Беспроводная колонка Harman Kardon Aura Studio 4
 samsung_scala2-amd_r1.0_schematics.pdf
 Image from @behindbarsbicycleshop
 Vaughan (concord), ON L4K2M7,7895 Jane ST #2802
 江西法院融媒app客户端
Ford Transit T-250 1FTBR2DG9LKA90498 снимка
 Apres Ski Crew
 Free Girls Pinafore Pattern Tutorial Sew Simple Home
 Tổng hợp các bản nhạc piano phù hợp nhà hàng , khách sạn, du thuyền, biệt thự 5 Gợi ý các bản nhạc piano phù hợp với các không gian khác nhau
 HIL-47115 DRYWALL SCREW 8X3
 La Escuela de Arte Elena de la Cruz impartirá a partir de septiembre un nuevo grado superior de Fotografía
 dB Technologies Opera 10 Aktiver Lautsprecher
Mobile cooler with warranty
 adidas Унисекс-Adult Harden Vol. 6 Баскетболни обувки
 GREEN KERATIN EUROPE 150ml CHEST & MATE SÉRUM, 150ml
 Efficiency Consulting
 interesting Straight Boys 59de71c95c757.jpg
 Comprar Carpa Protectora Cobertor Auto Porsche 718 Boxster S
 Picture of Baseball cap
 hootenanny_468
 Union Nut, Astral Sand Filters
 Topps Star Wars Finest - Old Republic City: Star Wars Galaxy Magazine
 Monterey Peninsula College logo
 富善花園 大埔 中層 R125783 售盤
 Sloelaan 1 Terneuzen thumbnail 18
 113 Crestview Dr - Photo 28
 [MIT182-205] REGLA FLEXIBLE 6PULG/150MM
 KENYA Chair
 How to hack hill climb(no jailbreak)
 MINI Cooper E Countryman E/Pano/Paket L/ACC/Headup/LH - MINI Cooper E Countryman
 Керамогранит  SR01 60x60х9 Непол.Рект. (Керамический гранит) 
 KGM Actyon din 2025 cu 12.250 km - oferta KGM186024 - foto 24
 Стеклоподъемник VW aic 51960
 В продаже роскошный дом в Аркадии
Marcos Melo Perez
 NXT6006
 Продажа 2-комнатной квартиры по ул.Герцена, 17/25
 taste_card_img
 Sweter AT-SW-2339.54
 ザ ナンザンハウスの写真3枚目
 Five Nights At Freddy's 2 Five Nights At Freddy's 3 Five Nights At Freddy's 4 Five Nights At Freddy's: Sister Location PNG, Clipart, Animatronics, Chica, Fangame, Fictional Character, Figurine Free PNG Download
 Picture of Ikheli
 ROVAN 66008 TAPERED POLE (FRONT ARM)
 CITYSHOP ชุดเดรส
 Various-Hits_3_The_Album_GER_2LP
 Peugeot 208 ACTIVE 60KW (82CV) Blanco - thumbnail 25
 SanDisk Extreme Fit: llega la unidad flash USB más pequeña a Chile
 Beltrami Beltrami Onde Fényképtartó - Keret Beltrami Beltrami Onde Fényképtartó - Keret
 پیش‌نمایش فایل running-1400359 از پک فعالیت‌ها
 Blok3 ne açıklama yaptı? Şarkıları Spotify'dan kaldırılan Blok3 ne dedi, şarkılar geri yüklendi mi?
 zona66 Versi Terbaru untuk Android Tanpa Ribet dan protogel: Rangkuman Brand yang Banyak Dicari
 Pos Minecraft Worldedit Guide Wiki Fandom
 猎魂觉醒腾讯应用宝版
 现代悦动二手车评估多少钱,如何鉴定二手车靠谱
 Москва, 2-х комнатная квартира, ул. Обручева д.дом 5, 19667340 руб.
□ □ □ □
◆ EXERCISE REQUIREMENTS ◆
Copy only this part of the entries above: the line with "hootenanny_468", the line with "ザ ナンザンハウスの写真3枚目", and the lines between, all exactly as written.

◆ WRITTEN RESPONSE ◆
 hootenanny_468
 Union Nut, Astral Sand Filters
 Topps Star Wars Finest - Old Republic City: Star Wars Galaxy Magazine
 Monterey Peninsula College logo
 富善花園 大埔 中層 R125783 售盤
 Sloelaan 1 Terneuzen thumbnail 18
 113 Crestview Dr - Photo 28
 [MIT182-205] REGLA FLEXIBLE 6PULG/150MM
 KENYA Chair
 How to hack hill climb(no jailbreak)
 MINI Cooper E Countryman E/Pano/Paket L/ACC/Headup/LH - MINI Cooper E Countryman
 Керамогранит  SR01 60x60х9 Непол.Рект. (Керамический гранит) 
 KGM Actyon din 2025 cu 12.250 km - oferta KGM186024 - foto 24
 Стеклоподъемник VW aic 51960
 В продаже роскошный дом в Аркадии
Marcos Melo Perez
 NXT6006
 Продажа 2-комнатной квартиры по ул.Герцена, 17/25
 taste_card_img
 Sweter AT-SW-2339.54
 ザ ナンザンハウスの写真3枚目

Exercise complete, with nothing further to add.